4.8.3 Marshals will assist the local authorities at all times in carrying out their duties.

4.8.4 Marshals will use their skills and training to diffuse situations before they become an adverse issue.

Behaviour

5.1 Responsibilities for parade behaviour lie with each individual Single Identity Group who are responsible for their own members. Marshals have an organisational role in terms of being responsible for overseeing all parade activities including the collective behaviour of parade participants.

5.2 It is accepted that the police have overall responsibility for behaviour in public places. The police have responsibility for all spectator activity at parades; however co-operation between Clubs, Marshals, Bands and the general public is encouraged, in order to promote positive participation in the overall event.

5.3 Reasonable and sensible behaviour by all participants within a parade should reflect a common sense approach with co-operation and mutual respect by all participants, regardless of their Single Identity Groups.

5.4 Loyal Order officers and band committee members are to actively discourage the consumption of alcohol or any use of illegal substances by parade participants prior to and during parades that are organised by Loyal Orders and other agencies.

5.5 Parade participants are to be encouraged to show restraint on occasions when members of the public, either deliberately or inadvertently, step into the ranks of a parade. Responsibility for addressing this issue lies directly with the police.

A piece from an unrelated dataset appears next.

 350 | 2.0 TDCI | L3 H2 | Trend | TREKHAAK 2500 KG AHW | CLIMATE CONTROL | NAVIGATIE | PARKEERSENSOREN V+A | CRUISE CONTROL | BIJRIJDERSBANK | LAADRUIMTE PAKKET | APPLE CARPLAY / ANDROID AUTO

5.6 Parade participants are to adhere to all instructions directed by parade organisers and marshals in respect of any determinations issued by the Parades Commission.

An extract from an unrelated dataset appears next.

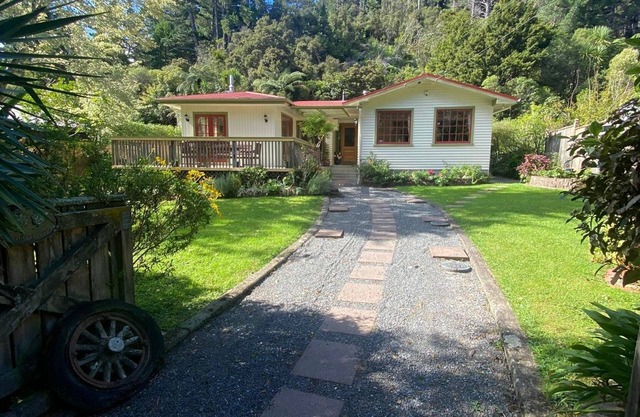 Belle maison spacieuse sur grande section privée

5.7 Parade participants are to adhere to all instructions directed by parade organisers when parading past specific locations on parade routes such as war memorials or places of worship.

5.8 Parade participants must refrain at all times from any form of antagonism towards the general public, especially in areas where the people present may not be supporters of parading culture.

Briefings and Reviews

6.1 Parade organisers are responsible for briefing all the relevant parties in relation to specific parades/events. Reviews are to be put in place also involving all the relevant parties in order to address any issues of concern that may arise from specific incidents and are deemed to be detrimental to the culture of parading.

6.2 Single Identity Groups are to send a nominated representative(s) to any briefings that are convened by either the parade organisers or other relevant agencies if either are requested or required to do so.

6.3 Single Identity Groups are to clarify any points raised at briefings, either on an individual basis or as a collective response where possible.

6.4 Single Identity Group representatives can attend the debrief following a parade, in order to provide an input to the discussion and contribute to a collective analysis of the event.

6.5 Requirements specific to Marshals:

6.5.1 Where possible marshals should make themselves known to the designated people within the Clubs, Lodges, Preceptories, Bands and police or legal authorities prior to processions, commemorations or parades at these briefings, or before the event starts.

Conclusion

This accord is a proactive, positive step to put in place a high level/over-arching agreement that all participating groupings can willingly sign up to. Although the Maiden City Accord is initially a local agreement, with only the Apprentice Boys of Derry in a position to implement it fully throughout their organisation, it is hoped that the spirit and common sense approach it encourages will promote both the Loyal Orders and Marching Bands from all areas in a positive way, and counteract the negative attitude towards the Protestant Culture by those who are seeking to create tension and disruption during parades.

This Accord between Loyal Orders, Marshals and Bands will be subject to review regularly should this be deemed to be necessary by any or all contributory parties for the betterment of the parading culture.